Candide

Mars 1933

 

[Anonyme]

 

Les variations de M. André Gide

 

M. André Gide est communiste. Pour combien de temps ? C’est la question qui vient à l’esprit, si l’on se souvient des autres opinions qu'il a professées dans sa vie. Cela risque d'être parfois oublié. Il y eut, voilà quinze ou vingt ans, un Gide nationaliste, dont M. Henri Massis exhume, dans La Revue universelle, de curieux vestiges.

 

Voici comment M. André Gide, par exemple, accueillit la Jeanne d'Arc de Péguy :

 

« L'étonnant livre ! Le beau livre ! J'écris mal ressaisi, tout ivre. » Et il félicitait Barrès d’avoir loué cette œuvre admirable. « Aussi bien, ajoutait-il, Barrès reconnaîtrait-il dans Le Mystère de la charité de Jeanne d’Arc, et reconnaîtrons-nous avec lui, son propre enseignement dans ce qu'il a de plus salutaire, ses théories dans ce qu'elles ont de plus sûr. »

 

Barrès « sûr » et « salutaire » aux yeux de Gide, ce n’est déjà pas mal. Mais il y a mieux. Il y a un Gide pour qui Barrès n’est pas suffisant ! Car M. Gide a écrit un jour : « Non, cela ne suffit pas ; cela ne peut pas nous suffire. Barrès ! Barrès ! Que ne comprenez-vous que ce dont nous avons besoin, ce n’est pas de confort (et j'entends : du confort de l'esprit), c’est d'héroïsme... Colette Baudoche aujourd’hui, ne peut suffire. Certes, il faut des Colette, des Hauviette ; mais il nous faut aussi, plus que cela. Que Péguy soit loué pour nous avoir proposé davantage. »

 

Il y a mieux encore. Pendant la guerre, comme son ami, le lieutenant de vaisseau Dupouy avait été tué à Nieuport, après s'être converti au catholicisme. M. André Gide communiqua à M. Charles Maurras, des lettres du lieutenant Dupouy, relatives à L'Action française, et il y ajouta ce commentaire :

 

« Le temps est venu, peut-être, de se connaître et de se compter, vivants ou morts.
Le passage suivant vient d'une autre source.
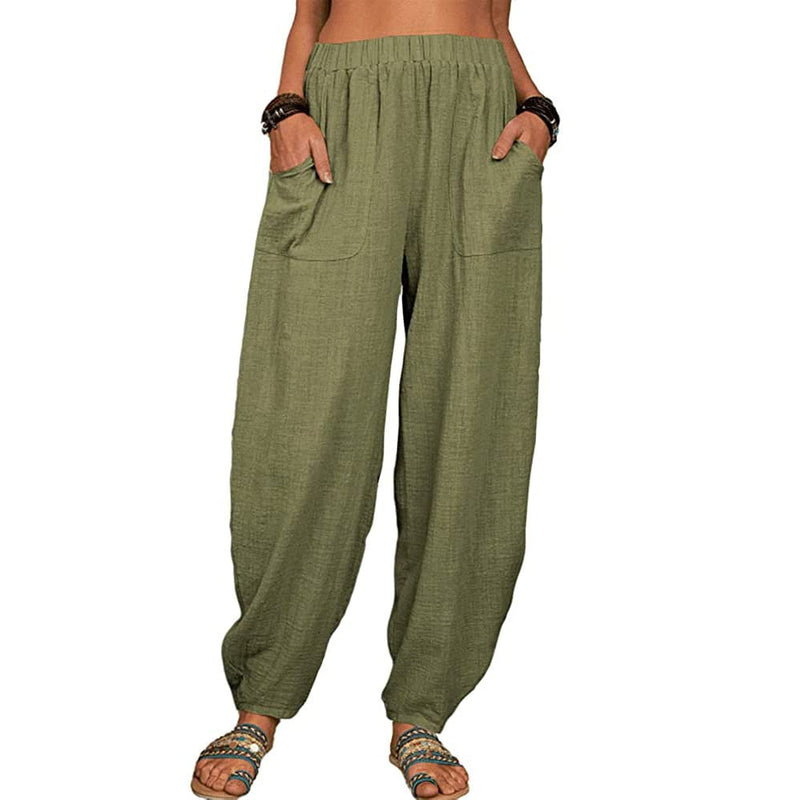 Romy™ Losse Harem Broek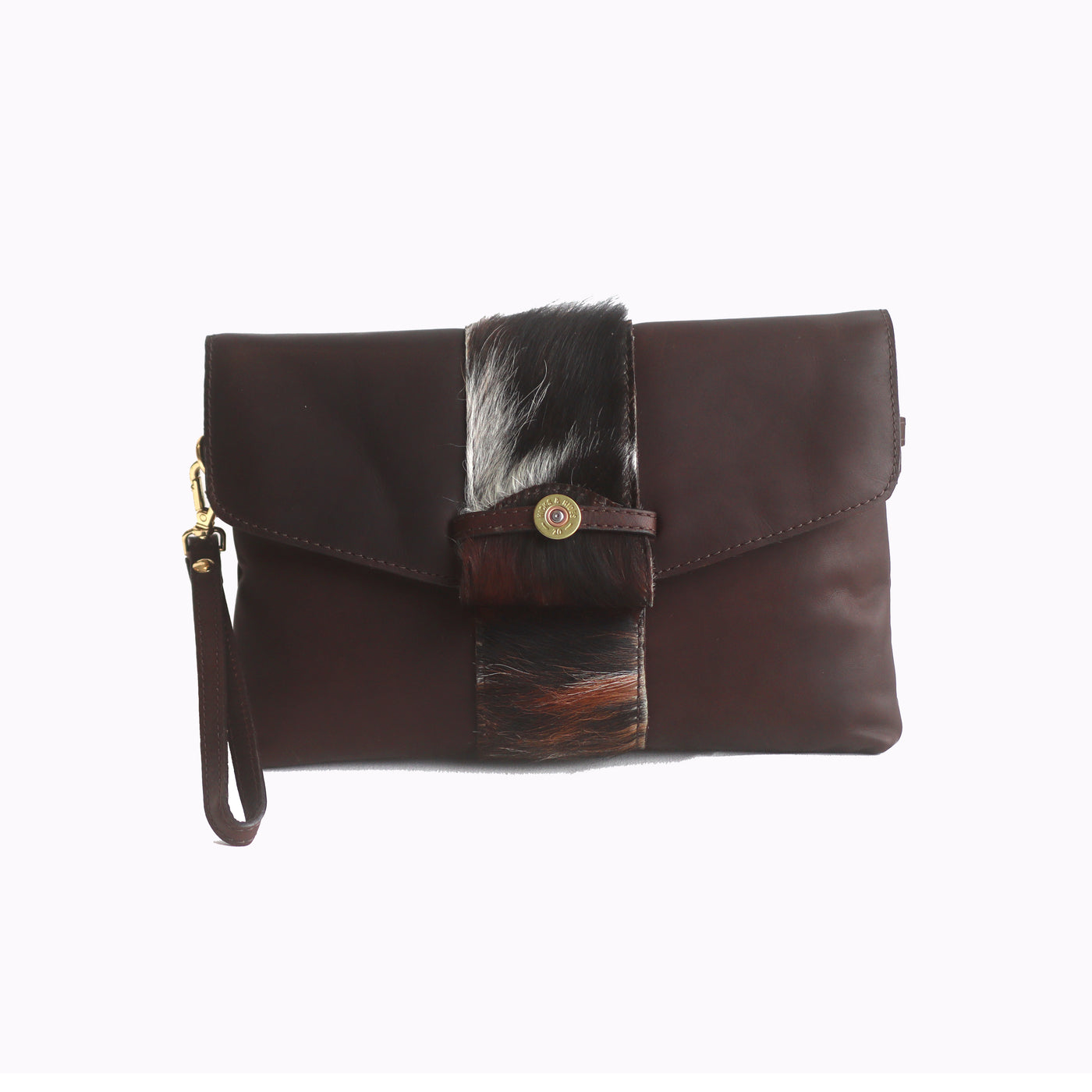 Bibury Cartridge Clutch Bag Cowhide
Je suis reconnaissant à mon ami de cette occasion qu’il me donne ; car vous entendez bien que je ne transcrirais pas ses louanges avec tant d'émotion et de zèle si je ne m'y associais de tout mon cœur. Vous ne laisserez pas, je le sais, d'être sensible à ce témoignage posthume d'une des plus belles âmes qu'il m'ait été donné de connaître. Il est de ceux dont la mort n'arrête pas ce que Bossuet appelait le vrai service. »

 

« Servir »... avec l'appui de Bossuet, M. Gide, en ce temps-là, parlait comme M. Paul Bourget. Et non content de cette manifestation verbale, il joignit à sa lettre une contribution financière « pour le meilleur usage ».

 

De souscripteur de L'Action Française à néophyte du bolchevisme, M. André Gide se livre à des variations d'une certaine amplitude.

 

Mais le communisme le retient-il encore ? Il paraît que le voyage en Russie est momentanément ajourné, car M. Gide est occupé par une nouvelle affaire : il prépare le scénario d'un ballet pour l'Opéra.